What can leaders learn from teachers? Could pedagogical theories be relevant for chief execs and managers? Are the mechanics of teaching in any way useful beyond corralling a group of 30-odd children?

As a 2014 Fellow on the Clore Social Leadership Programme, I researched whether key teaching and learning theories are or could be used by leaders in the social sector to support the development of their teams. It’s a personal quest masquerading as a professional one: I used to be a classroom teacher, now I am not, and it would be so neat/such a relief if I could objectively prove that the skills and theories I learned back then are applicable and helpful in the world I am now in.

After leaving teaching in 2007, I gained a Masters in Education, worked at a educational non-profit in San Francisco (826 Valencia), before founding youth charity Spark+Mettle in 2011. It runs a range of personal and professional development programmes for less privileged 18–24 year olds.

Along the way I’ve constantly stolen adapted teaching techniques and principles and used them in my work. These range from the planning approaches for a curriculum (short, medium and long-term “schemes of work”) adapted to the strategic needs of an organisation, to pedagogical theories that I have been able to apply to my approach to building teams and running programmes. I should add that I am an archetypal leftie (wear Birkenstocks, read The Guardian—I even live in Brighton), so my view of good teaching is a progressive, interactive one. I’m not into a draconian, didactic, sage-on-stage approach. This also informs my views on good leadership. Let’s just say I’m not in Donald Trump’s corner.

My hypothesis is this:

Successful social sector leaders are intuitive educators. They employ a range of techniques to nurture effective teams and bring out the best in individual employees, many of which can be related back to key progressive pedagogical theories.

I chose as examples three pedagogical theories that have been particularly influential on me first as a teacher and later as a leader. I wanted to see whether they hold any value for other leaders in the social sector, as well as exploring other approaches that might link to different teaching and learning theories. I am aware that leading people is just one of many aspects to leadership, but it is one that it is central to effective leadership and increased impact.

I interviewed ten social sector leaders to try to discover what overlap there might be between teaching and leading. I conducted the interviews between May and September 2015, and posted the write-ups here during October and November. I summarised my findings in bite-size chunks, and I worked with a designer to create some beautiful printable and interactive pages that offer some answers and ask some questions to a broad audience.
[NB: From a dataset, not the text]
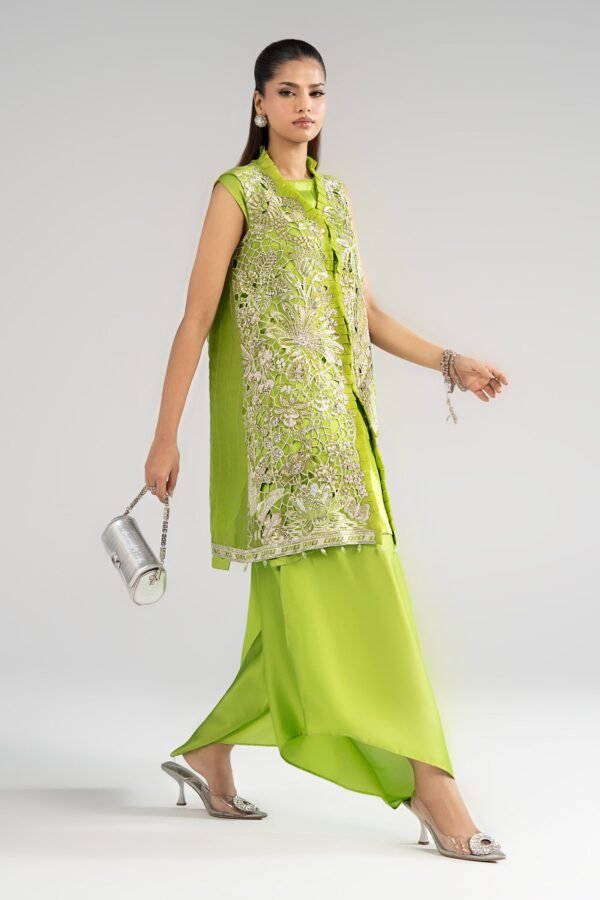 3 Piece Embroidered Organza Suit - Green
If you’d like to find out more about this work, please get in touch: @eugenieeeevteasley@gmail.com.

Check-ins

I interviewed ten social sector leaders to discover how they go about bringing out the best in the people who work with them, and whether it has any connection to how teachers bring out the best in their students. I’m breaking down my findings into bite-size bits.  Here’s a bit.


Not one of the (successful, inspiring) social sector leaders I interviewed had anything much in the way of formal training early in their career around how to lead and manage and support other people.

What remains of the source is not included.